*** Block opens ***

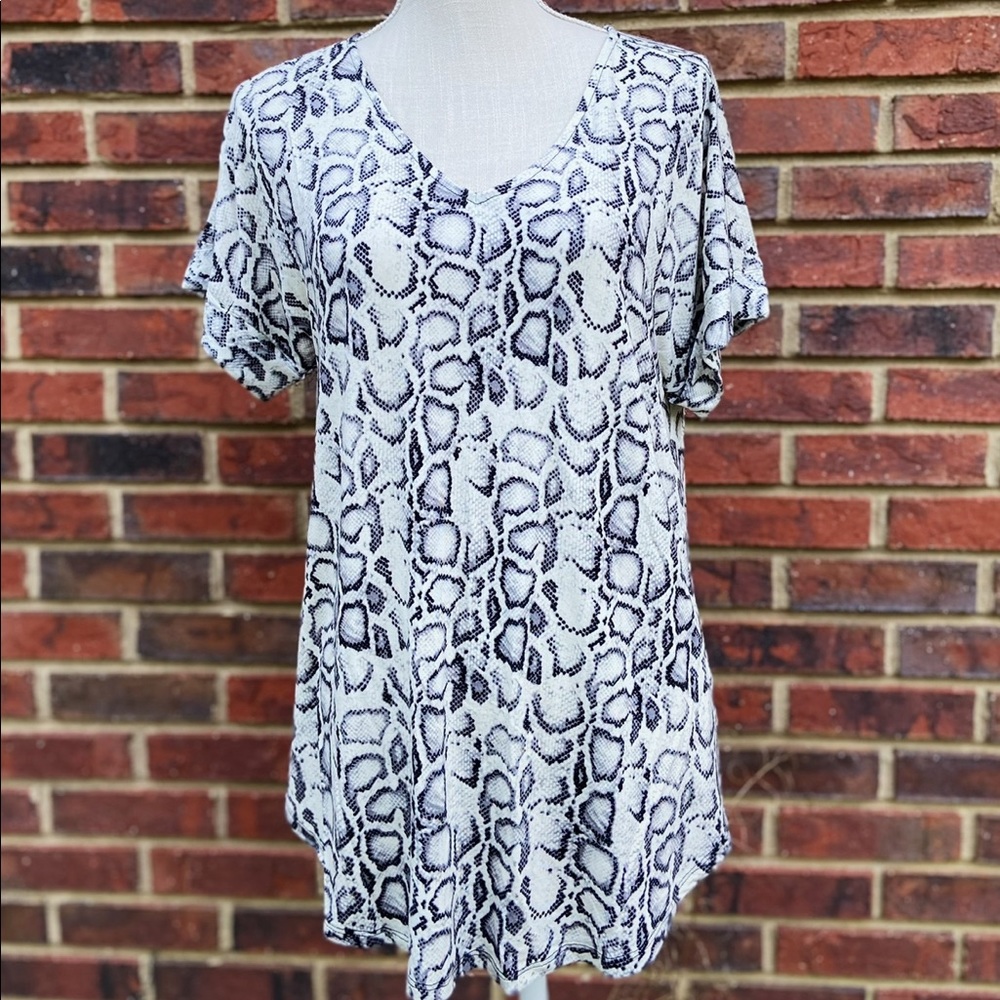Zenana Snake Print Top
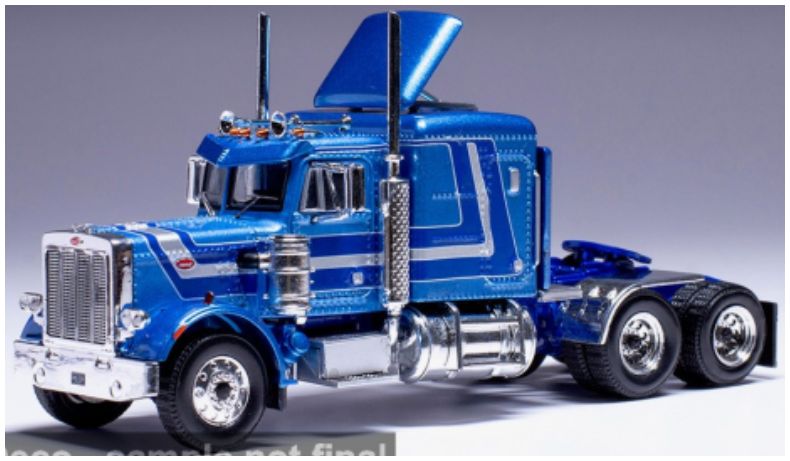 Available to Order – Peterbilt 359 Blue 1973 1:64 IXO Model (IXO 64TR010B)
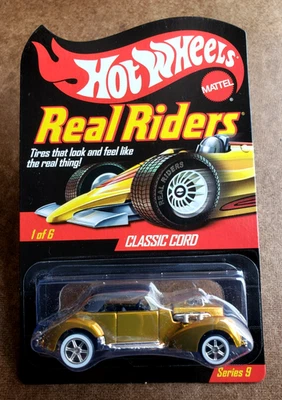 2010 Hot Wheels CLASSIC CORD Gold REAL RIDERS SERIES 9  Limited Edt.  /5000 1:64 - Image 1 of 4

*** Block closes ***

When you repeat the listing, keep it exact and leave the pictures behind.

Zenana Snake Print Top
 Available to Order – Peterbilt 359 Blue 1973 1:64 IXO Model (IXO 64TR010B)
 2010 Hot Wheels CLASSIC CORD Gold REAL RIDERS SERIES 9  Limited Edt.  /5000 1:64 - Image 1 of 4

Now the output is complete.